Bash itself can be started with environment variable POSIXLY_CORRECT set (or with the --posix option) so it will behave like a real, plain, bare POSIX shell as much as possible.

In sed, we can read its info page with info sed. In the section “Sed Scripts > The "s" Command”, we can read this:

Excerpt from GNU Sed Info Page
Finally, as a GNU 'sed' extension, you can include a special sequence
made of a backslash and one of the letters 'L', 'l', 'U', 'u', or 'E'.
The meaning is as follows:

'\L'
     Turn the replacement to lowercase until a '\U' or '\E' is found,

'\l'
     Turn the next character to lowercase,

'\U'
     Turn the replacement to uppercase until a '\L' or '\E' is found,

'\u'
     Turn the next character to uppercase,

'\E'
     Stop case conversion started by '\L' or '\U'.

Most (if not all) GNU command line programs docs explicitly state when something is not plain POSIX, but an additional GNU feature. We can assume that most man and info pages are explicit when an option or something else is not POSIX-compliant or POSIX-defined.

Documentation Relationships

Also worth noting is that some docs refer to some other docs. If a man, help or info page mentions some other docs, pay attention to it. It usually means it implements things mentioned in the other docs, and possibily extends and overrides things from the mentioned docs. Let’s discuss one such example.

If you read the help for the builtin printf command, it says:

Excerpt of bash’s `help printf'
In addition to the standard format specifications described in printf(1),
printf interprets:

And then you do man 1 printf, and see:

Excerpt of `man 1 printf'
NOTE:  your shell may have its own version of printf, which usually su‐
persedes the version described here.  Please refer to your shell's doc‐
umentation for details about the options it supports.

So, Bash’s printf uses the format especifications defined in printf(1), but nonetheless, printf(1) tells us that the Shell’s printf “usually supersedes” this printf. Moreover, man 1 printf talks about C printf.

If we read POSIX printf specs, we see it mentions XBD File Format Notation, which says:

If the format is exhausted while arguments remain, the excess arguments shall
be ignored.

So, one would expect that printf '%s\n' foo bar would print "foon" and ignore "bar", still, take a look at what really happens:

$ printf '%s\n' foo bar
foo
bar

It is still printing “bar” even though the POSIX spec tells that it should be ignored. Except that XCU Command and Utilities extends and superseds XBD File Format Notation. Look:

The format operand shall be used as the format string described in XBD File
Format Notation with the following exceptions:

...

9. The format operand shall be reused as often as necessary to satisfy the
argument operands.

...

So, even though XBD tells that “excess arguments shall be ignored”, XCU printf overrides that and tells that it shall be reused to satisfy the operands.

End of Options echo Example

Unix shells and programs interpret -- to mean “end of options”. Guideline 10 on XBD Utility Syntax Guidelines 10 says:

Excerpt of XBD Utility Syntax Guidelines
The first `--` argument that is not an option-argument should be accepted as a
delimiter indicating the end of options.
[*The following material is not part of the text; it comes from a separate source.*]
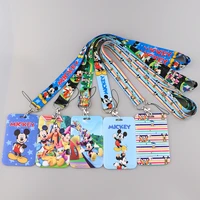 mickey and minnie mouse lanyards keys chain id credit card cover pass mobile phone charm neck straps badge holder accessories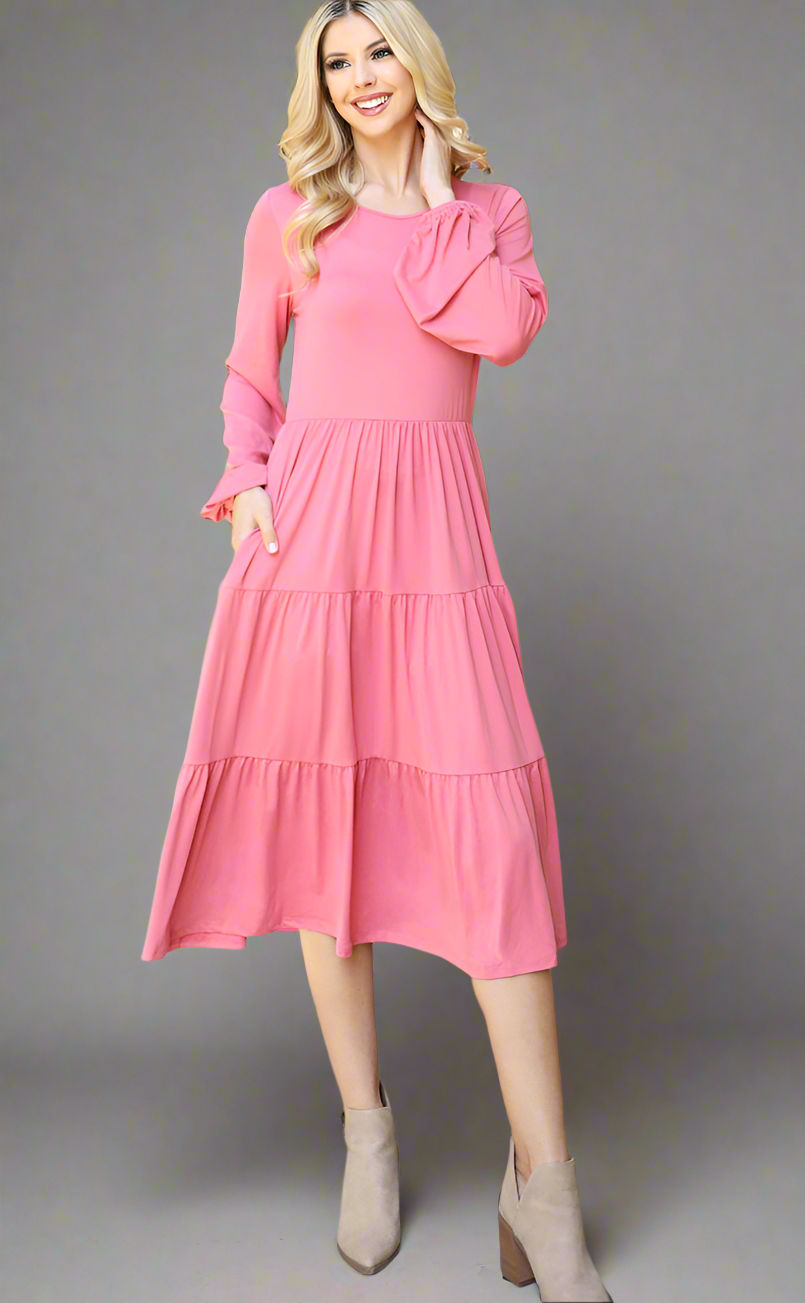 Vianey Pink Tiered Dress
Any following arguments should be
treated as operands, even if they begin with the '-' character.

Take a look:

$ printf -v
-bash: printf: -v: option requires an argument
printf: usage: printf [-v var] format [arguments]

But if we use --, then printf simply prints “-v”:

$ printf -- -v
-v

Then we try it with echo:

$ echo -- -e
-- -e

Oops! echo printed -- -e, not just -e. It seems echo does not take -- to mean “end of options”. If we run help echo, it says nothing about --. Then we read XCU echo spec page, and come accross this:

Excerpt of XCU echo spec page
The echo utility shall not recognize the "--" argument in the manner
specified by Guideline 10 of XBD Utility Syntax Guidelines; "--" shall be
recognized as a string operand.

So that is it. Since GNU Bash echo does not override the way -- should work according to the specs, it is not even documented in help echo. And we should assume, at least when it comes to --, that echo bash builtin follows the specs!